Type 95 75 mm field gun
|Type 95 75 mm field gun|
Type 95 75 mm field gun
|Place of origin||Empire of Japan|
|Used by||Imperial Japanese Army|
|Wars||World War II|
|Weight||1,106.6 kilograms (2,440 lb) Firing
1,929 kg (4,253 lb) Traveling
|Length||4.47 m (14 ft 8 in) Firing
8.86 m (29 ft 1 in)Traveling
|Barrel length||2.278 metres (7 ft 6 in) L/30.67|
|Width||1.5 m (4 ft 11 in) Track
1.78 m (5 ft 10 in) Maximum
|Height||1.60 m (5 ft 3 in)|
|Shell||6.33 kilograms (14.0 lb)|
|Caliber||75 mm (2.95 in)|
|Breech||Horizontal sliding wedge|
|Carriage||Split, demountable spade plates, fixed trail blocks|
|Elevation||-8° to +43°|
|Traverse||25° right, 25° left|
|Rate of fire||10-12 rpm|
|Muzzle velocity||500 m/s (1,640 ft/s)|
|Maximum firing range||10,970 meters (12,000 yd)|
The Type 95 75 mm field gun (九五式野砲 Kyūgo-shiki yahō) was a field gun used by the Imperial Japanese Army during World War II. It was intended to replace the Type 38 75 mm field gun and the Type 41 75 mm cavalry gun in front line combat units but, due to operational and budgetary constraints, only a small number were produced, and the Type 38 and Type 41 continued to be used. The Type 95 number was designated for the year the gun was accepted, 2595 in the Japanese imperial year calendar, or 1935 in the Gregorian calendar.
History and development
Prior to World War I, the Imperial Japanese Army was largely equipped with Krupp cannons from Germany. After the Versailles Treaty, the Japanese Army switched to the French Schneider company, and developed the Type 90 75 mm field gun loosely based on the Schneider et Cie Canon de 85 mle 1927. However, the Schneider design was very complex and expensive to build, requiring very tight dimensional tolerances which were beyond the limits of Japanese industry to sustain at the time. Maintenance was also difficult to sustain in front line combat service. The Army Technical Bureau, following combat experience gained in the invasion of Manchuria and the Soviet-Japanese Border Wars reverted to a simpler and more rugged design for the Type 95 field gun, which entered production in 1935. The Type 95 75 mm gun has an appearance similar to the Model 90 75 mm gun. It is derived from the Model 1933 Schneider 75, which it closely resembles. However, only a total of 261 units were produced, and the Type 38 75 mm field gun and the Type 41 75 mm cavalry gun continued to be used by front line combat units until the surrender of Japan.

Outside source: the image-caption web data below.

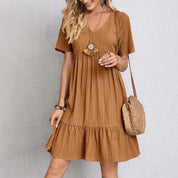 Abito estivo donna marrone, maniche corte, scollo a V, tessuto leggero, borsa a tracolla in paglia, moda casual, look estivo elegante.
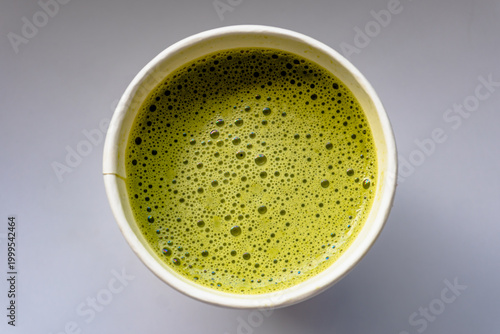 Close Up of Paper Glass Hot Matcha or Green Tea take-away, Top Angle View. Wooden table and place for Text and Graphic Resources.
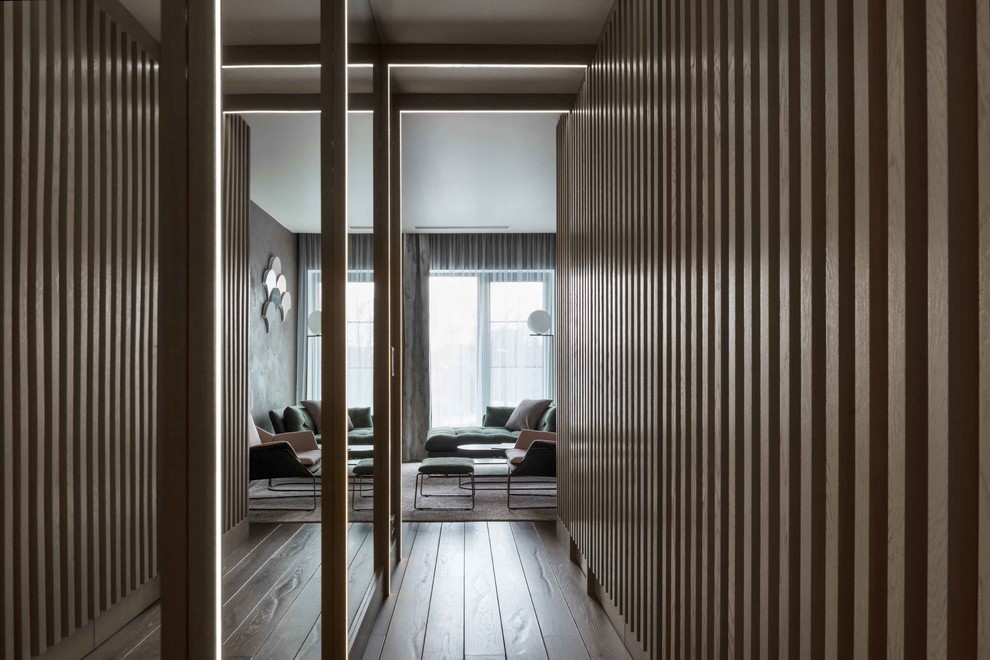 Стильный дизайн: гардеробная комната среднего размера в современном стиле с паркетным полом среднего тона и серым полом - последний тренд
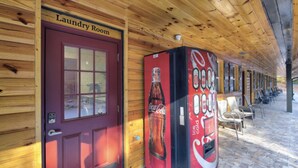 A wooden building with a red door labeled "Laundry Room" and a Coca-Cola vending machine. - 14 on the Ridge, Pet Friendly! (Pigeon Forge)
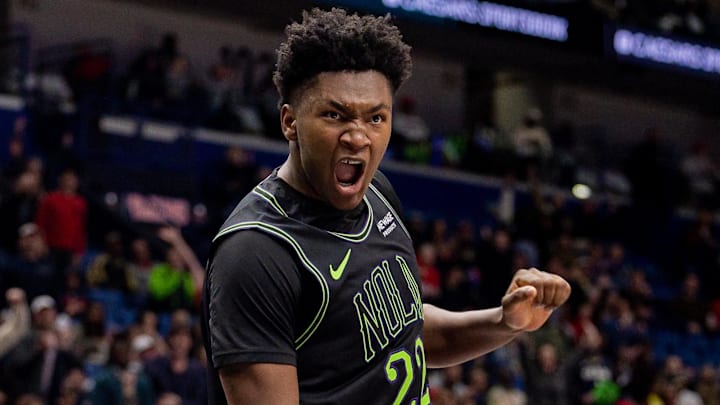 Dec 11, 2025; New Orleans, Louisiana, USA;  New Orleans Pelicans center Derik Queen (22) snugs the ball against Portland Trail Blazers forward Kris Murray (24) during the second half at Smoothie King Center. Mandatory Credit: Stephen Lew-Imagn Images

Although occasionally mentioned as a copy of the French Schneider et Cie Canon de 75 Mle 1933, this connection is dubious. The Type 95 essentially utilized the Model 38 (improved) weapon with sliding-wedge type breechblock and hydropneumatic recoil mechanism on the split trail carriage used on the Type 90. This hybrid design addressed the issue of the heavy weight of the Type 90, which had created problems with field commanders, as well as the need for a simpler, more rugged design that could be transported by a team of six horses. As with the Type 90, the Type 95 was built in two versions: one with wooden wheels suitable for animal draft, and another with solid rubber tires and a stronger suspension for towing by motor vehicles.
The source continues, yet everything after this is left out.